Ask for a carers assessment. Then you will get a social worker in your own right.
Research all the local living options/ residential service providers (they do supported living as well these days). Look into individual bedgets and direct payments.
Wow - respect! You deserve to sleep well tonight.
Stick around. You'll be an expert in this area soon and you never know when another Rafflesway may come here in the future and ask the same questions as you'll have the answers for.
Hi raffles. I cant really offer any other adviceas there is already some good advice on here but wanted to add my sympathy. My DD will also be 18 this year and in spite of having a Transition plan since she was 14 (which doesn't have anything remarkable in it - we hope she can move from the local SEN school to a local private SN college but she will stay living at home with us ftb) nothing has been done. I had a letter from the Adult Social Care Transition worker last October saying that a referral has been done to the Adult Social care team to assess DD's needs, but so far nothing has been done. I have chased it up once, but still nothing. DD has complex health needs as well as severe learning and physical disabilities, and our home respite package which is provided by the PCT is due to end on her 18th birthday - but as no assessments have been done by SC or health, I am finding it hard to see how a replacement package will be in place in time for her 18th birthday.

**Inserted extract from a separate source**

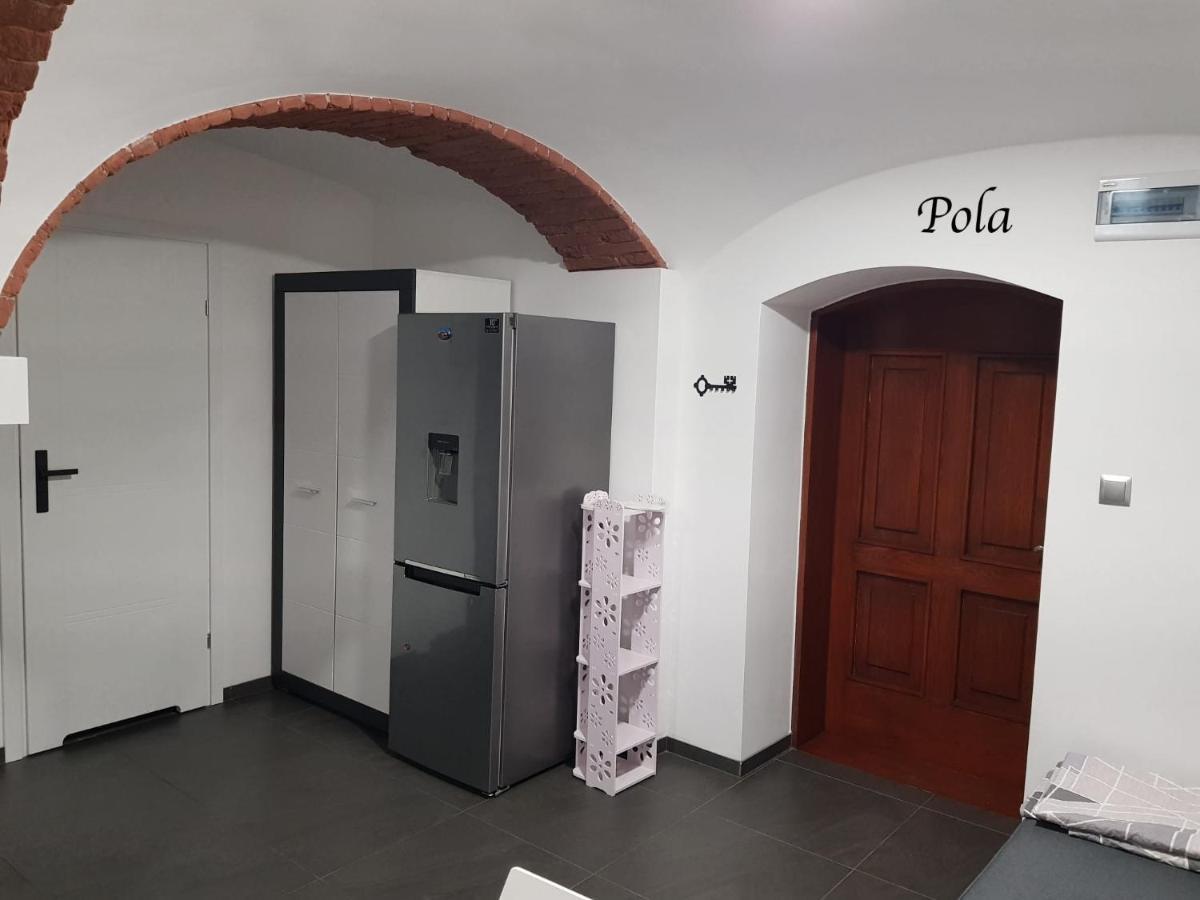 Sloneczne Apartamenty Sokolowsko Buitenkant foto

I do know that they will allocate DD her own social worker ( as the one we have had in the past works for the Disabled childrens' team - so she won't continue)but am confident that me and DH will be involved in any decisions about DD's future.
I too am quite concerned that we are being ignored - but have already got some good legal advice from a local firm of solicitors who take on care package cases and DH went to a Cerebra Transition conference recently where a solicitor called Luke Clements (who specialises in this area) gave a talk on the legal aspects. So we are well armed with our legal rights, but like you, we just want to try and sort things amicably, without having the stress of going down the legal route.
If you can get to a Transition event run by one of the big charities such as Cerebra or Contact a Family, I'm sure you will find lots of useful info.
There is an event in Solihull, Birmingham on 24th May run by Progress Magazine. Don't know whereabouts you are but if that is any use to you, let me know and I will post further details.
Also google Progress Magazine as you might find some useful info on their website.
I'll message you later, but I only know about what happens in Scotland. I'm just posting here so I don't lose your details.
social services are usually hopeless. A lawyer is a good idea because ime SS don't do anything unless they HAVE to.
Good luck - but you may find a big change with a new school - school's are usually onside.
Agree get legal advice. Your child should get legal aid in own name. I would try a firm like Irwin Mitchell as I know they do work on guardianship, court of protection and have done a lot of cases about cuts in social care etc.
One option I heard about recently was putting your child's name on the housing list in your LA. Check this out with the lawyer.
As far as the looked after child status is concerned, this applies under the Children Act but as far as I know that only applies until 18. Once she is an adult I can't see how she can be a looked after child. She will be an adult and come under Mental Capacity Act. That Act makes it clear parents should be consulted if the young person does not have capacity themselves.
Many many LAs are looking to cut costs at the moment and I have heard lawyers say that in years to come they expect young adults to end up back with their families as the care system is just crumbling.
I would get some legal advice now.
I found this case where parents were not consulted and the LA choice of placement quashed due to lack of consultation, so you do have the right to have a say.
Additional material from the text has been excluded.